There is loads of advice on the internet on how to fix your Apple devices. I would venture to say that there is more advice on the internet about this than about how to fix anything else – including your zipper or your credit.
It took me awhile to figure out that most of this advice, given in very reliable-looking technogeek jargon, is full of crap.
I have done everything recommended on every forum and it has not made a bit of difference. I did get a bit suspicious when one guy said that you have to hold down the Home button and the Power button while you stand on your head and drink a cup of coffee. But he said it worked for him, so I went with it.
It turns out that spilled coffee does not improve the inner workings of Apple devices. Neither does throwing them across the room while you try to keep burning coffee from going up (or down) your nose.
So I am trying to figure out if the people on those forums accidentally fixed their devices and just figured that whatever event preceded these miraculous repairs must have been responsible.
Or, do they have so much time on their hands that they can visit every forum on the internet and giggle wildly as they type in stupid, but remotely possible, advice to gullible people like me?
Well, I have learned my lesson. Yessir. No more ridiculous attempts to fix things on my own. I made my appointment and the Geniuses of Apple can sort through this mess.
Let’s keep that little coffee incident between you and me, okay? People can be kind of fussy about warranties.
Posted on May 5, 2013, in Annoyances, Ideas and tagged apple, DIY, Genius, humor, I'm starting a forum on how to quit reading forums, iPhone, life, random, repair. Bookmark the permalink. 21 Comments.
SURE! Geniuses can fix anything. You’ll be fine…..
I wonder if they could fix Wonderbutt…
I google everything. One day I will learn that is not the answer.
I’m still absolutely convinced that Google has every answer, including the meaning of life. You just have to comb through all the crap to find it.
The right answer must be at the very end of the search.
Call me cynical (it’s been done before) but have you considered ‘planned obsolescence’?
No, NOT you – the Apple products to which you refer…
Haha. Actually, I’ve considered it for myself AND the Apple products at various times. Not simultaneously, of course.
I’m kind of glad I have a brick mobile. A few of my friends had iPhones for a while and eventually traded them for something else. They got tired of having to get it reset and stuff.
That’s the reason I never buy expensive sunglasses. The Cap’n always complains about his getting scratched. So do mine, but they’re only 10 dollars to replace.
I nominated you for the shine on award. Should you choose to accept, please see instructions on my homepage post. Blessings on your day.

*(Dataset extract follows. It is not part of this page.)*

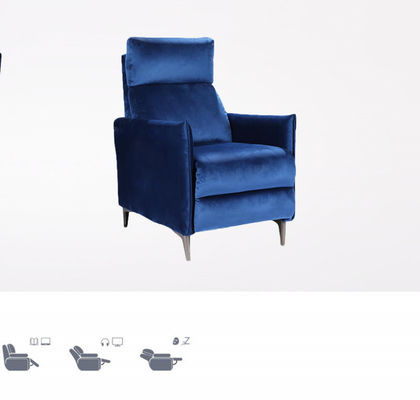 Vintage Blue Velvet Pull Out Bed Sofas Recliner Single Sofa Living Room Office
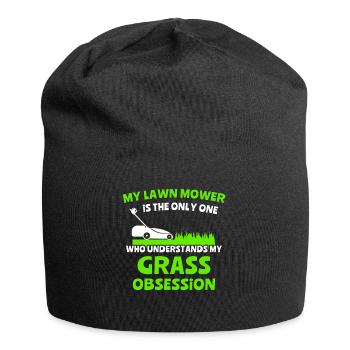 Rasenmäher Rasen Mähen - Jersey-Beanie - Schwarz - Vorne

Well, thank you! I will take a gander at the instructions. I hope they are easier to follow than the ones for fixing my iPhone…
I’m usually one to redirect; the moment I spot any trace of tech-talk, but I savored this article hoping there would be more waiting for me even after I scrolled down the comments section.

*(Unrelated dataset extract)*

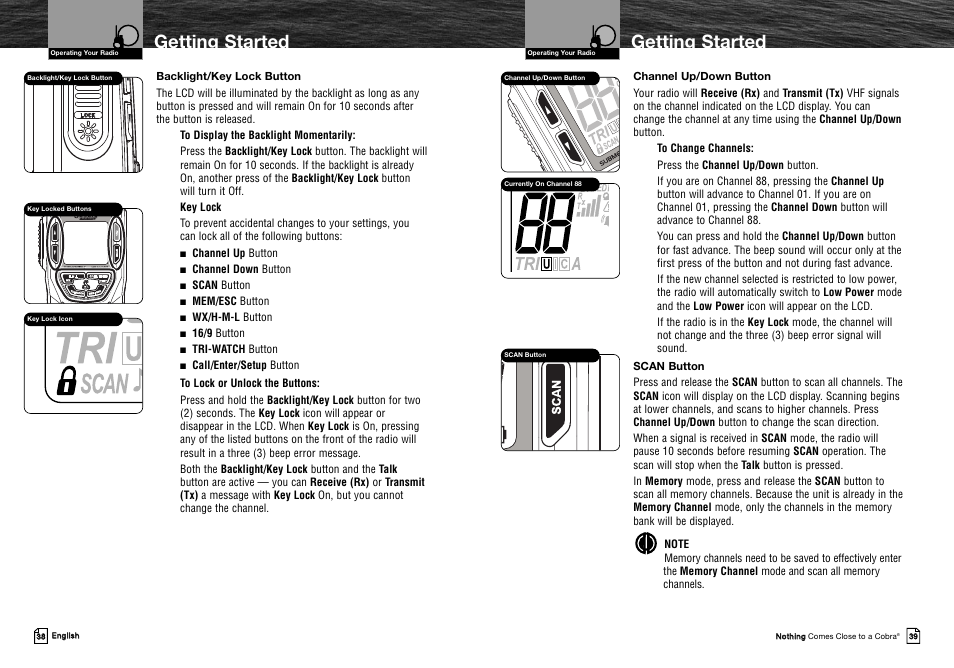 Getting started | Cobra Electronics MRHH325VP User Manual | Page 23 / 35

I heartily enjoyed your ramblings.
Do visit sometime.
I can honestly say that I have never received such an interesting compliment.

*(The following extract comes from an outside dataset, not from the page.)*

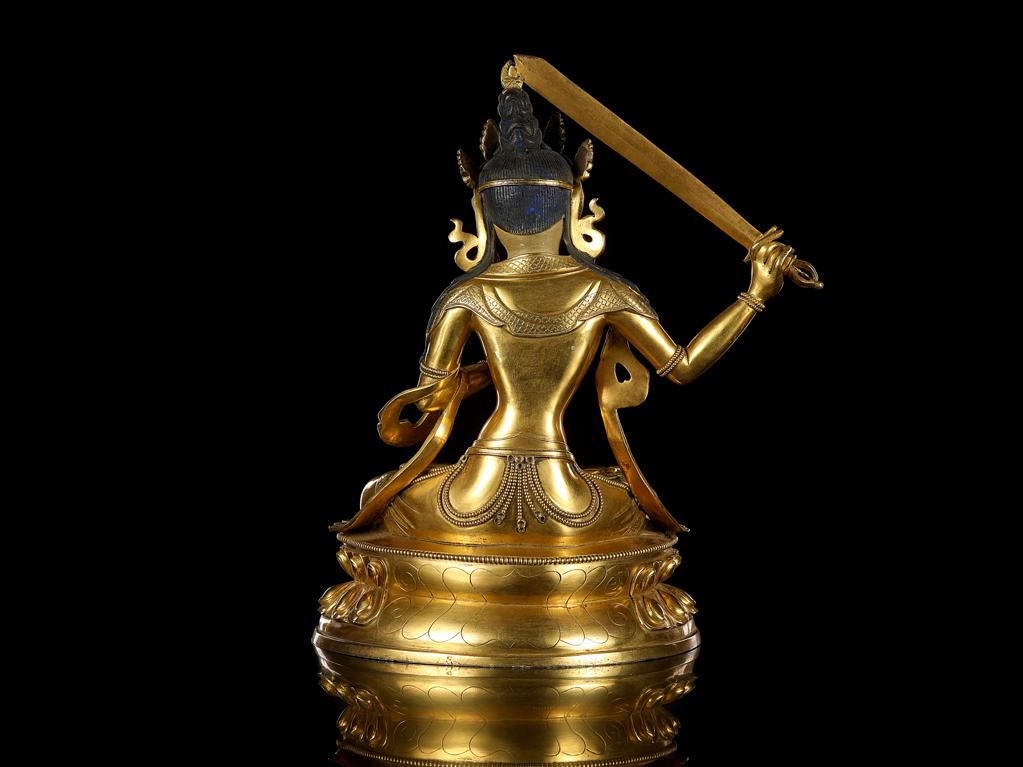 仏像 金色 ◇ 時代 仏教美術 チベット 金銅仏 文殊菩薩坐像重さ約2170g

Must be some Apple epidemic going around. My Apple products are meeting and coming up with new and vicious ways to drive me more crazy than I already am.
The folks at the local Genius Bar and I are on first name terms.
Your piece is wonderful, and I trust your Apple products will not rot.
I always wanted to be known on a first name basis at a bar – but I was kind of picturing the Cheers kind of bar.
😀 Sure, we’ll keep the coffee incident private. If they are only small pieces that are missing, I;m sure it’s not too much of a problem. Not like you’re missing the entire casing or anything 🙂
That looks totally fixable. Totally.
You’re such an optimist!
i want to google how to properly google a how-to for optimum results. will that help? and, (in my opinion) geniuses can totally fix that.